When the Italian Stallion finally knocked out the dastardly Russian there was bedlam – cheers of delight, stamping of feet, whooping and hollering. People ran up and down the aisles with delight.
And people who had never met each other before and never would meet again openly embraced with delight.
Over the years I have met many people who shared similar experiences of watching ‘Rocky IV’ in the cinema.
It’s always Rocky IV. And they always describe people standing, cheering, hugging.
I’ve seen every Rocky and Creed film since at the cinema and the atmosphere has never approached the quasi-religious fervour of that heady night at an Elephant and Castle flea pit that was long ago razed to the ground.
I had watched and enjoyed boxing before I watched ‘Rocky IV’, but it was Stallone’s magnum opus that solidified my love of the sport.
The following weekend I raided my piggy bank and invested in the LP of the soundtrack. I was so young and naïve that when I put the record on my mum and dad’s already ancient record player I expected to hear the full audio soundtrack of the film – like a radio play.
I was slightly disappointed that it was merely the songs from the film, but I soon got over my disappointment, bought a skipping rope and began ‘training’ in my living room to the strains of Vince DiCola’s ‘Training Montage’ and Survivor’s ‘Burning Heart’.

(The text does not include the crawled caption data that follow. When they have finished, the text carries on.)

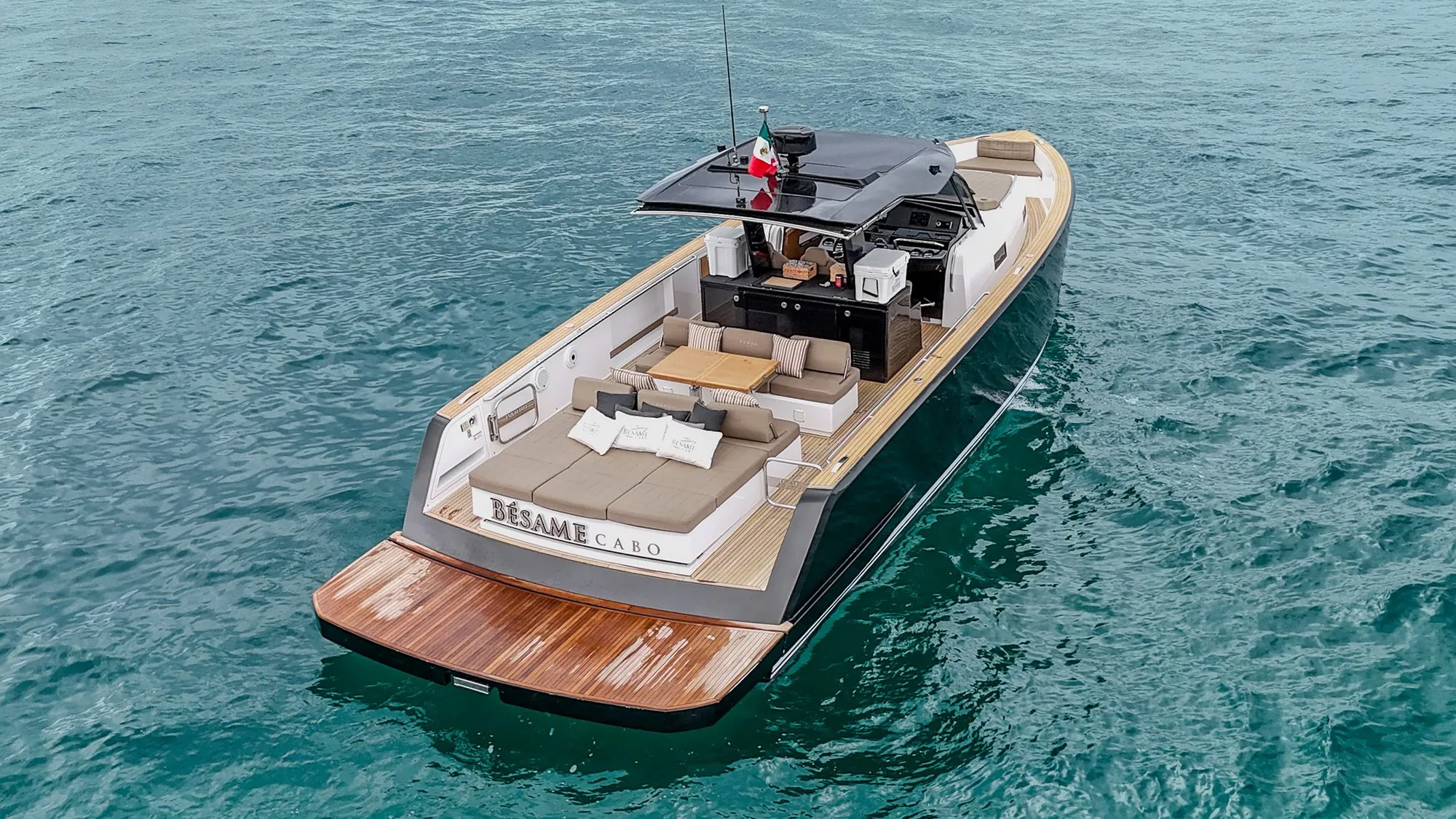Aerial stern view of Bésame showing teak swim platform and sunpads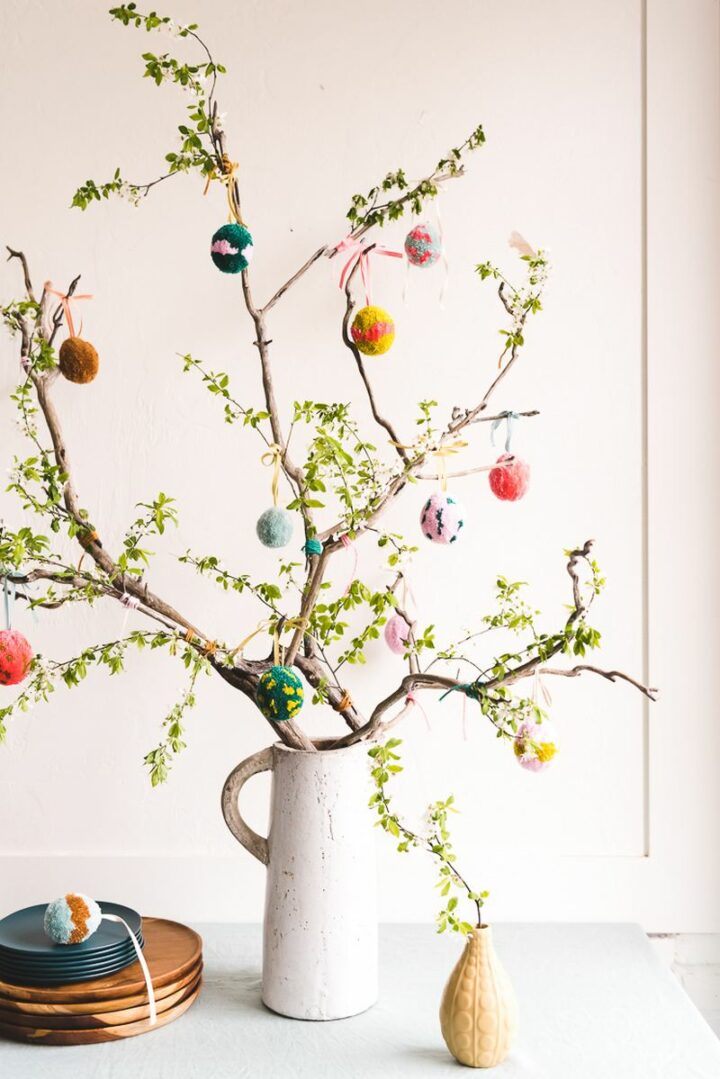 Pretty Easter tree with adorable Easter egg pom poms!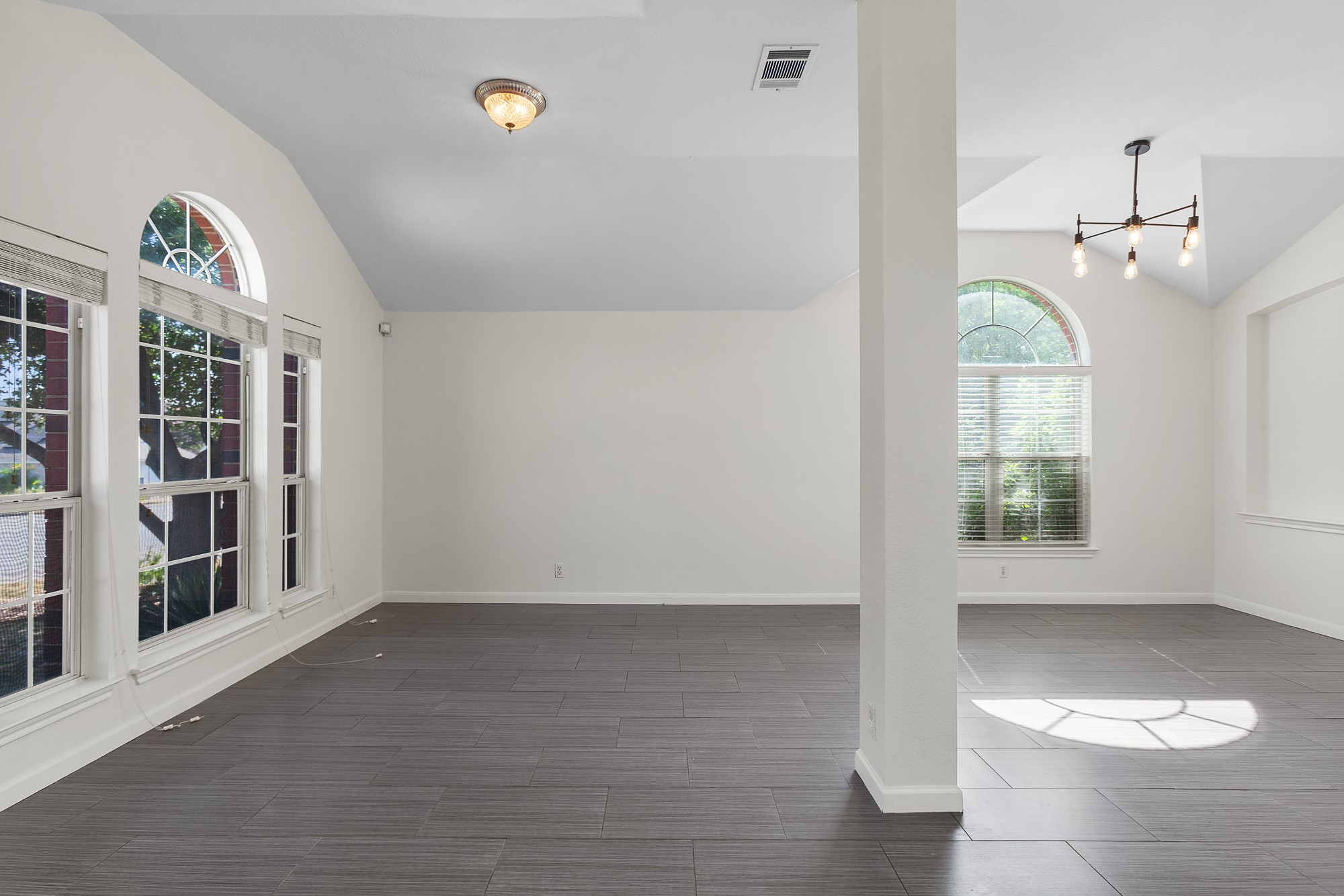 1201 Springbrook Road Pflugerville, TX 78660 - Photo 7 of 33 Natural illumination streams into this living area, featuring arched window accents and modern tile flooring.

These memories have stayed with me.
And every once in a while they bubble to the surface again, reminding me of what it was like to be young, and all that I have gained and lost since.
‘No Easy Way Out’ by Robert Tepper became a beloved staple of myself and my friends on drunken nights out in our 20s and 30s when we would beg DJs to play it and they never knew what we were talking about.
Once – at a pub in Waterloo – we hijacked the DJ booth while he was on a toilet break and played it ourselves through an iPod, provoking widespread bemusement and dirty looks, but we didn’t care.
When Carl Froch adopted ‘No Easy Way Out’ for some of his ringwalks he instantly rose in my estimation, and a clause in a sealed envelope regarding my funeral arrangements for when I pass on specifies that this is the tune I wish my coffin to leave the church to.
Now in my 40s I still shove ‘Rocky IV’ into my DVD player more often than is healthy, and my LP of the soundtrack is still in my possession along with the novelisation of the film which I bought at Leeds railway station.
And when ‘Rocky IV: Rocky vs Drago’ – Stallone’s new ‘director’s cut’ of the film – is released next week I’ll be first in line – hoping and praying for the cinema to be engulfed in hysteria and youthful mayhem, although of course it won’t be.
That special night has gone, never to be repeated, although I’ll never stop trying.